EXERCISE ->
Repeat nothing but the lines below running from the one containing "Original 80's Red leather batwing coat" to the one containing "Chaqueta de ante". Keep both end lines.

SUPPLIED ENTRIES ->
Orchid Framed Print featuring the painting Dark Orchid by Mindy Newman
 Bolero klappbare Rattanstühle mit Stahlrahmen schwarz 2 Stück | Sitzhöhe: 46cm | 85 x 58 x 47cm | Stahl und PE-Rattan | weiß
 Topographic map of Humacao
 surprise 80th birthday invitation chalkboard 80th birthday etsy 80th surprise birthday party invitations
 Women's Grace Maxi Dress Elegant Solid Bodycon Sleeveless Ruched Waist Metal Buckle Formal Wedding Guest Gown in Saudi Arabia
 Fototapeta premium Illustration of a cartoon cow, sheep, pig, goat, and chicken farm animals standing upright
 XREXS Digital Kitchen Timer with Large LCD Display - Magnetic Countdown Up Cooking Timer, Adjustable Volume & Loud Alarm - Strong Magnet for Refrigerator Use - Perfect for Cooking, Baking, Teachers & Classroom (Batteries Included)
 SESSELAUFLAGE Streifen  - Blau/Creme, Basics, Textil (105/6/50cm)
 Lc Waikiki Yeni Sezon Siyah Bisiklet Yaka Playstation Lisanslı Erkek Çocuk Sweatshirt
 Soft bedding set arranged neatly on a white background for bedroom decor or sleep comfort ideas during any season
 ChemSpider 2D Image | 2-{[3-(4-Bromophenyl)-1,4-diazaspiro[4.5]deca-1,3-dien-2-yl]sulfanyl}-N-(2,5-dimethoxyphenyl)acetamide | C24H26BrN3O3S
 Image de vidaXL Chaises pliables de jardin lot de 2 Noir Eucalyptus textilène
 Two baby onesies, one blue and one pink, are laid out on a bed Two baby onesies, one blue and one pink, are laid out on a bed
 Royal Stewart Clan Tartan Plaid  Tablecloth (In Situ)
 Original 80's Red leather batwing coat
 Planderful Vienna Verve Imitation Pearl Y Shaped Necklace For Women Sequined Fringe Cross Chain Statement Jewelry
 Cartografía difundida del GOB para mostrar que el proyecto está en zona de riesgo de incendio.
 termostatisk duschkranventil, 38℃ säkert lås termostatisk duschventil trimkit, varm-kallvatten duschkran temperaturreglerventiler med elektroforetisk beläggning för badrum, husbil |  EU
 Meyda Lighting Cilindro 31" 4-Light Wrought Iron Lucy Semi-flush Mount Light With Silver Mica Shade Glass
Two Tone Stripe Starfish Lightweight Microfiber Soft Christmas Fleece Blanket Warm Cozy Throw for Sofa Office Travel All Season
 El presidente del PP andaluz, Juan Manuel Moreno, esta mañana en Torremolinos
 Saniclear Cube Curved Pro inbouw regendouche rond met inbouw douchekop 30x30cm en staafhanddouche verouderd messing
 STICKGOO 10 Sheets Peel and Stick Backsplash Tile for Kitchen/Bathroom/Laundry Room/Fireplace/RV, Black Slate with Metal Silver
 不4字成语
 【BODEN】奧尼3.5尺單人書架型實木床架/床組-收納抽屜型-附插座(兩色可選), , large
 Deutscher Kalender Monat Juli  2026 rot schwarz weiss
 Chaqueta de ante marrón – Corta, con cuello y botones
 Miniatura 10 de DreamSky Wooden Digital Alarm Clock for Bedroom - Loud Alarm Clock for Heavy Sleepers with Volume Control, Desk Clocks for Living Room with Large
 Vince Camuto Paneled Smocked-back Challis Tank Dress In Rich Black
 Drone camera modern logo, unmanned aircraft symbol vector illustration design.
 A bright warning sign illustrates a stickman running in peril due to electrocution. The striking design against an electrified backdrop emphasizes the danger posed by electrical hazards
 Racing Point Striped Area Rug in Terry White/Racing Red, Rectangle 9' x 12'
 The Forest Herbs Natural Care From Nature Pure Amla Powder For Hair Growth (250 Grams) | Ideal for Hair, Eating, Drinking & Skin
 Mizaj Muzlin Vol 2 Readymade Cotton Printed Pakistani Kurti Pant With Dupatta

TASK SOLUTION ->
 Original 80's Red leather batwing coat
 Planderful Vienna Verve Imitation Pearl Y Shaped Necklace For Women Sequined Fringe Cross Chain Statement Jewelry
 Cartografía difundida del GOB para mostrar que el proyecto está en zona de riesgo de incendio.
 termostatisk duschkranventil, 38℃ säkert lås termostatisk duschventil trimkit, varm-kallvatten duschkran temperaturreglerventiler med elektroforetisk beläggning för badrum, husbil |  EU
 Meyda Lighting Cilindro 31" 4-Light Wrought Iron Lucy Semi-flush Mount Light With Silver Mica Shade Glass
Two Tone Stripe Starfish Lightweight Microfiber Soft Christmas Fleece Blanket Warm Cozy Throw for Sofa Office Travel All Season
 El presidente del PP andaluz, Juan Manuel Moreno, esta mañana en Torremolinos
 Saniclear Cube Curved Pro inbouw regendouche rond met inbouw douchekop 30x30cm en staafhanddouche verouderd messing
 STICKGOO 10 Sheets Peel and Stick Backsplash Tile for Kitchen/Bathroom/Laundry Room/Fireplace/RV, Black Slate with Metal Silver
 不4字成语
 【BODEN】奧尼3.5尺單人書架型實木床架/床組-收納抽屜型-附插座(兩色可選), , large
 Deutscher Kalender Monat Juli  2026 rot schwarz weiss
 Chaqueta de ante marrón – Corta, con cuello y botones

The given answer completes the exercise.